We don’t have to create these regions; they already exist, on two levels. First, there are now seven distinct super-regions, defined by common economics and demographics, like the Pacific Coast and the Great Lakes. Within these, in addition to America’s main metro hubs, we find new urban archipelagos, including the Arizona Sun Corridor, from Phoenix to Tucson; the Front Range, from Salt Lake City to Denver to Albuquerque; the Cascadia belt, from Vancouver to Seattle; and the Piedmont Atlantic cluster, from Atlanta to Charlotte, N.C.
Federal policy should refocus on helping these nascent archipelagos prosper, and helping others emerge, in places like Minneapolis and Memphis, collectively forming a lattice of productive metro-regions efficiently connected through better highways, railways and fiber-optic cables: a United City-States of America.

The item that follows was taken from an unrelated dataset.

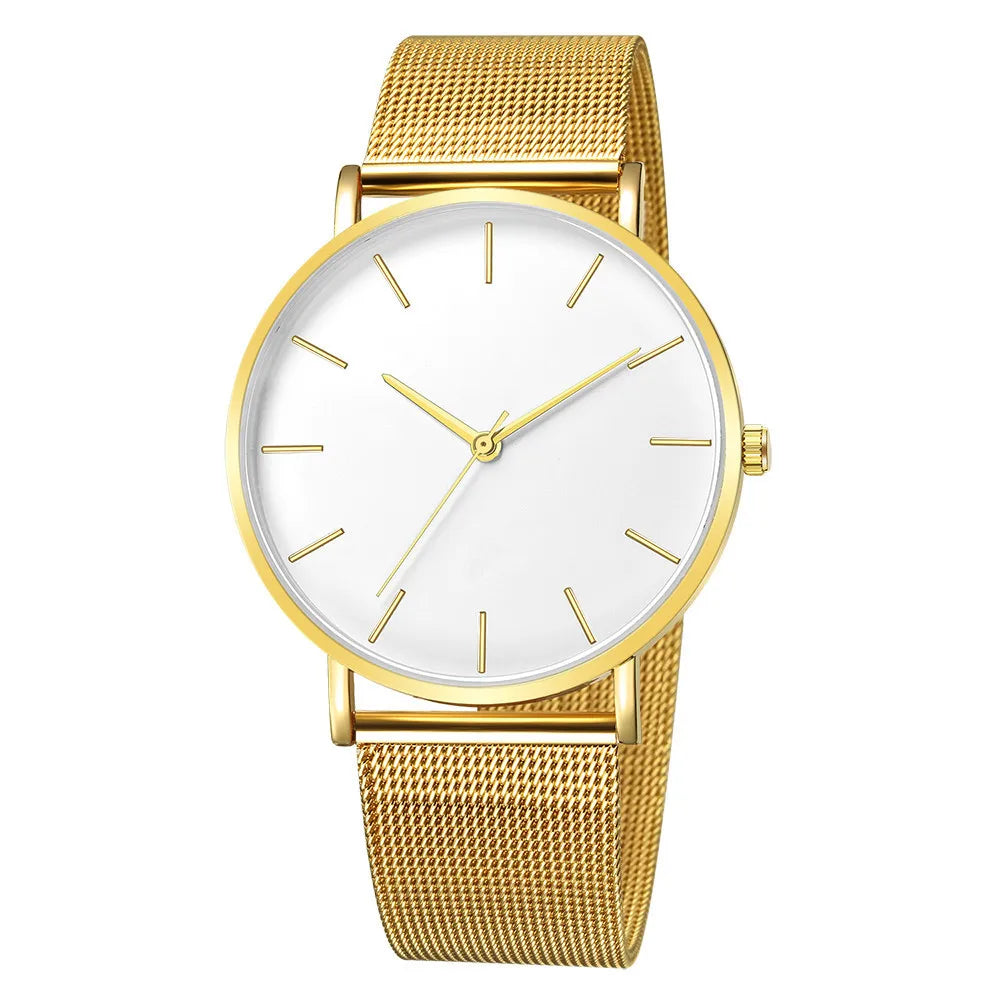 Montre Femme Luxe Or Rose avec Bracelet – Quartz Élégante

Similar shifts can be found around the world. Despite millenniums of cultivated cultural and linguistic provinces, China is transcending its traditional internal boundaries to become an empire of 26 megacity clusters with populations of up to 100 million each, centered around hubs such as Beijing, Shanghai, Guangzhou and Chongqing-Chengdu. Over time these clusters, whose borders fluctuate based on population and economic growth, will be the cores around which the central government allocates subsidies, designs supply chains and builds connections to the rest of the world.
Western countries are following suit. As of 2015, Italy’s most important political players are no longer its dozens of laconic provinces, but 14 “Metropolitan Cities,” like Rome, Turin, Milan and Florence, each of which has been legislatively merged with its surrounding municipalities into larger and more economically viable subregions.